I’d agree that the passive/active distinction is false on an absolute level, but text makes it easier for me to slow down, pause and think, re-read and take notes. With audiobooks, I’m usually listening while doing something else, so thy only get partial attention. But the big difference between audio and text for me is that with audiobooks, the narrator adds a layer of information and interpretation which can impact the story in subtle and dramatic ways. Cormac McCarthy’s attitude towards punctuation creates an ambiguity in his novels which gets lost in narration, for better or worse. The person who voiced James Ellroy’s latest novel, This Storm, used a lot of vocal characterization, so one person sounds like Jimmy Stewart and another like John Houseman. That created images in my head and brought baggage to the story, again for better or worse.

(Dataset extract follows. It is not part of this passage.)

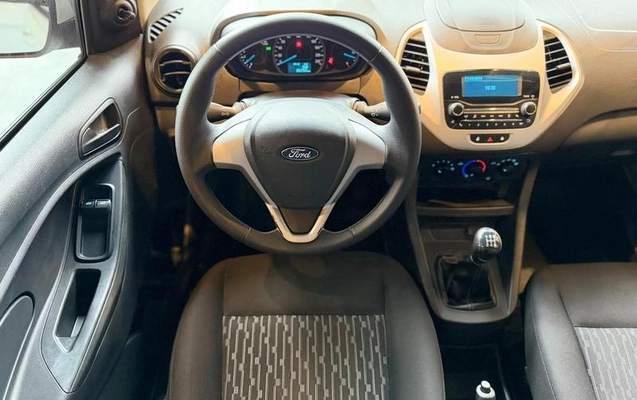 imagem-https://www.socarrao.com.br/sc-vehicle-images-prod/4432483/1792767888612-8560982_6_B_3be0c05bb9.jpeg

Hi Paul! Yes, you’re quite right – I find ‘experimental’ authors don’t really work as audio, because they are really playing with the format of words on a page. And bad narration can completely destroy any audiobook, so it definitely adds a layer. But a good reader can add to it also – hearing the author themselves for non-fiction is useful.
The author’s own voice is a definite plus. Tressie McMillan-Cottom’s Thick wouldn’t have sounded right in anyone else’s voice. I hope there’s an audiobook award for her.
I am into non-fiction audiobooks but like fiction on my [insert ubiquitous e-reader brand here]. I never even know how to refer to a book I listened to instead of read, I feel like saying I read it is a lie, but that doesn’t make sense! I totally agree there’s a space for the oral. Hooray for format shifting! https://fragmentsofamber.wordpress.com/2019/09/20/formats/
Hi Amber, yes I too feel saying I’ve read something isn’t quite right, I always add “well, listened to the audiobook”. Thanks for the link.
I too love audiobooks. I got to meet the founder of Audible many moons ago at MIT. I have been a user ever since. Do you remember the original black clam shell shaped devices – pre mp3!
Just recently I have begun to enjoy the ability to read a book on both Kindle and Audible at the same time and have the reading position sync pretty accurately. Obvoiusly only for books that are worth having two versions of but for books that I will read many times it is a great option.
Hi Euan, thanks for that tip, I’ve never done that (sync kindle and audiobook). As you say, for some books (eg non fiction ones you may want to return to) that is very useful.